AÇIKLAMA: Bu aşamada din bilginleri tek tek Mesih’i sorguya çekmeye başladılar. Onlar Mesih’in ağzını arayarak tuzağa düşürmeye çalışıyorlardı. Ancak Mesih olağanüstü bilgeliğini sergiler. Önce vergi olayını sorarlar. İsrail toplumu Roma işgali altındaydı. Böylece Mesih vergi ödemeyin dese devlet onu yakar vergi ödeyin dese halk O’nu yakar. İçinden çıkılmaz bir soru ancak Mesih ‘Sezar’ın hakkını Sezar’a, Tanrı’nın hakkını Tanrı’ya verin’diyerek herkesi şaşkına çevirir. Tam olarak ne demek istedi? Bir kere kendisine gösterilen dinar bir Roma parasıydı ve Yahudilerin Roma’nın düzeninden yararlandıklarının göstergesiydi. Devleti şikayet etmek kolaydır ancak hiç bir düzen olmasa ne hale geliriz acaba? Kelam’a göre baştaki devlete boyun eğmeliyiz ve saygı olsun vergi olsun çekinmeden vermeliyiz (bkz. Romalılar 13:1-7; 1.Petrus 2:13-17). Ancak bu noktada Tanrı’nın hakkını da unutmamalıyız. Aslında her şeyimiz, sağlığımız, ailemiz, işimiz, hepsi Tanrı’dandır. Başımızdaki devlet olsun, patron olsun, baba olsun, onlara saygılı olmamız gerekiyorsa da en baştakine daha ne kadar saygılı ve minnettar olmalıyız? Mesih izleyicisi isyankarlığa gelmemeli bu imanımıza yakışmaz. Süleyman durumu şöyle özetler: ‘Oğlum, RAB’be ve krala saygı göster, onlara başkaldıranlarla arkadaşlık etme (Süleyman’ın Özdeyişleri 24:21).’
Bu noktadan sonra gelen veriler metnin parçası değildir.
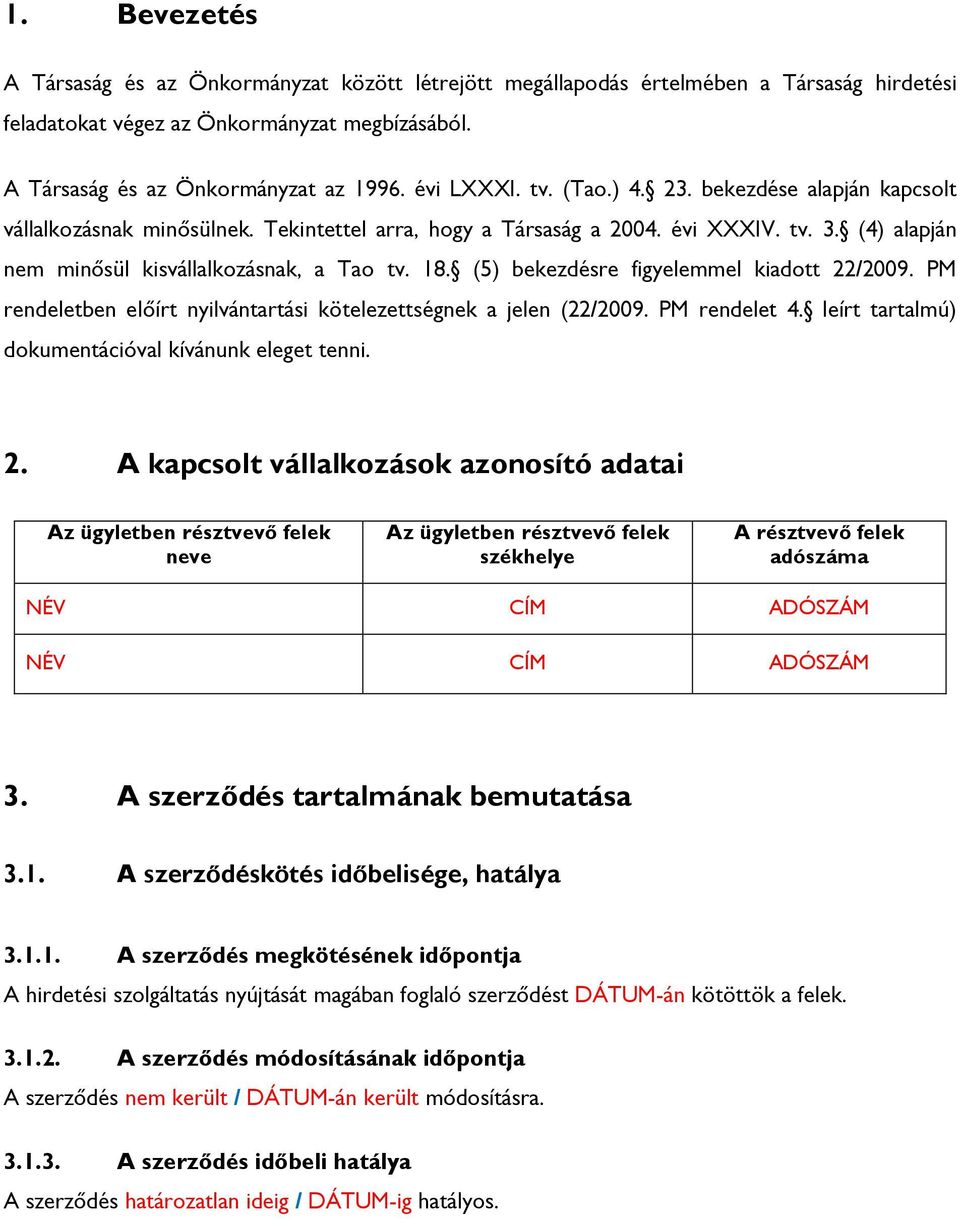 (5) bekezdésre figyelemmel kiadott 22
Sonra Sadukiler, Mesih’i tökezletmek için şanslarını denemek istiyorlar. Bu grup dindar görünmeyi seven ama aslında Tanrı’nın kudretini inkar eden bir mezhepti. Burada çok abartılı bir mesel ile İsa’ya zor anlar yaşatmaya çalışırlar. Kadıncağız sırayla yedi kardeşle evlendi, acaba cennette kimin karısı olacaktır? Sadukiler ölümden sonrasına inanmıyorlardı ve böyle hikâyelerle kendilerini haklı göstermeye çalışıyorlardı. Mesih’in cevabı çok net: ‘Yanılıyorsunuz, çünkü ne Tanrı’nın Sözünü ne de Tanrı’nın gücünü biliyorsunuz.’İsa, cennette evlilik yok diyerek noktayı koyar. Bugün bile bazıları cennette verilecek kızlardan bahseder ancak Mesih bu hikayeyi yalanlar. Sonra ölümden sonrası var diye ispatlamak için Yahudilerin çok iyi bildiği bir ayet gösterir. Eski Antlaşmanın pek çok yerinde Tanrı ‘Ben İbrahim’in, İshak’ın ve Yakup’un Tanrısıyım’dedi. Burada ‘Ben onların Tanrısı idim’ değil ‘Onların Tanrısıyım’ dediğine göre çoktan ölmüş olan İbrahim, İshak ve Yakup yaşıyordur demektir. Evet ölümden sonrası var hatta Mesih başka yerde şunu belirtti: ‘Sözümü işitip beni gönderene iman edenin sonsuz yaşamı vardır (Yuhanna 5:24).’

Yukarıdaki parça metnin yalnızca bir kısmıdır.